### PROVIDED DATA ###

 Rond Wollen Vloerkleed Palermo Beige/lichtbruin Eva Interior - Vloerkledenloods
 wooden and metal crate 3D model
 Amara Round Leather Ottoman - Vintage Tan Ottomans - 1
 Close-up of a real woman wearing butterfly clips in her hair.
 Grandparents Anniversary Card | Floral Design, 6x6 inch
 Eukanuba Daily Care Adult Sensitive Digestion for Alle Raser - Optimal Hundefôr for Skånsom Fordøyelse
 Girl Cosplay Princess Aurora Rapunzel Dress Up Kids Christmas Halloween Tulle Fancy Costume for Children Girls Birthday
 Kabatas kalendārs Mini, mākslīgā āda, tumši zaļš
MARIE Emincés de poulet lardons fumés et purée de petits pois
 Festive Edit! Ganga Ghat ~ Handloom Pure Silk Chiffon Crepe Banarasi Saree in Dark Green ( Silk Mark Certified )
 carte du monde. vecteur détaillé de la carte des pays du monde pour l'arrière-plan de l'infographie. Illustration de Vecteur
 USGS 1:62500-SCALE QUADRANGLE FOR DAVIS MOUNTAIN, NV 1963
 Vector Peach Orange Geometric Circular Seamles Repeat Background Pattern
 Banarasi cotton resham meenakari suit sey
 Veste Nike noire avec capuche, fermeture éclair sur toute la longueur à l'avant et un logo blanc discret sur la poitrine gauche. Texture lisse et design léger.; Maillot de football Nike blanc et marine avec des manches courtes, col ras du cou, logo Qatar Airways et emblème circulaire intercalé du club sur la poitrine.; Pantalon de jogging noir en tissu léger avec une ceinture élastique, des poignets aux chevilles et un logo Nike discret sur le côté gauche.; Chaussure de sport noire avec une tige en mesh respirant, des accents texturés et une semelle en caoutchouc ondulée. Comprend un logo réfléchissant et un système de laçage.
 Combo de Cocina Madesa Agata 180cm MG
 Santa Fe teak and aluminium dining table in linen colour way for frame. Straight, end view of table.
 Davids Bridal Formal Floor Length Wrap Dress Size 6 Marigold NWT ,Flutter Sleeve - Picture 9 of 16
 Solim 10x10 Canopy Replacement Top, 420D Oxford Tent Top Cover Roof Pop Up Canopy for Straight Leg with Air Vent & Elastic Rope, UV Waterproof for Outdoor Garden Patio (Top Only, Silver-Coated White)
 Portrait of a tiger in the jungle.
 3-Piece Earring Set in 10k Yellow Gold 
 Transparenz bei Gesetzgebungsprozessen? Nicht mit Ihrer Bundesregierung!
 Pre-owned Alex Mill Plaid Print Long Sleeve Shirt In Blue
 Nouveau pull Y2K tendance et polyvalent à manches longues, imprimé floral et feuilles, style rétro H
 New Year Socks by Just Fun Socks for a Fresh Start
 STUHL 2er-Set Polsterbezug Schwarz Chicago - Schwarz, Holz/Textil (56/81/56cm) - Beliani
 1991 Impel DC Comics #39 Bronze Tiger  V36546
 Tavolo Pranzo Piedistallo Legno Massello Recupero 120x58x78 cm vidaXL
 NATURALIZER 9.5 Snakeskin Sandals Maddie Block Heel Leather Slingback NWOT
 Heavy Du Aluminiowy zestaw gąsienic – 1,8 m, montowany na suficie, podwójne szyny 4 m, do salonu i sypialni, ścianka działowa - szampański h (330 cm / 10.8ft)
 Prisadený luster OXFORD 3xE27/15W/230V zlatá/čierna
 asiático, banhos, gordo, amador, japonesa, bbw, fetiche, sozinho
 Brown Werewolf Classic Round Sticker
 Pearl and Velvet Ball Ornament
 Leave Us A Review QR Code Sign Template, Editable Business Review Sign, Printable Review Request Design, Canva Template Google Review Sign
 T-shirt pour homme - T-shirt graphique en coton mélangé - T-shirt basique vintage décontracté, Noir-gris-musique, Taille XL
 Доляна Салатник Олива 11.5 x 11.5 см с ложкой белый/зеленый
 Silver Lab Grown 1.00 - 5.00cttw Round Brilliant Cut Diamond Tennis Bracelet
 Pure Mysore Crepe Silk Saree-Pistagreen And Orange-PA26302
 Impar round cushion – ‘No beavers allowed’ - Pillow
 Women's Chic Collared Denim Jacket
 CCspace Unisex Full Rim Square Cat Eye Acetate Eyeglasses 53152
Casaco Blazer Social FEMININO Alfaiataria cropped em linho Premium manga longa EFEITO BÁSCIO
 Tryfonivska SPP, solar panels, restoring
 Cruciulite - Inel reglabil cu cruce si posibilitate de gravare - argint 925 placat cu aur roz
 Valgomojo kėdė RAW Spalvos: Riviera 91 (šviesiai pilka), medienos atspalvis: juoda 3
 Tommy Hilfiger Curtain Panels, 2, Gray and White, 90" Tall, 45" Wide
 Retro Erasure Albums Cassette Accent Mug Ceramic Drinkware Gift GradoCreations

###

ACTIVITY: Go through the material above and output exactly the lines from the one containing "Heavy Du Aluminiowy" through the one containing "Prisadený luster OXFORD".

RESULT:
 Heavy Du Aluminiowy zestaw gąsienic – 1,8 m, montowany na suficie, podwójne szyny 4 m, do salonu i sypialni, ścianka działowa - szampański h (330 cm / 10.8ft)
 Prisadený luster OXFORD 3xE27/15W/230V zlatá/čierna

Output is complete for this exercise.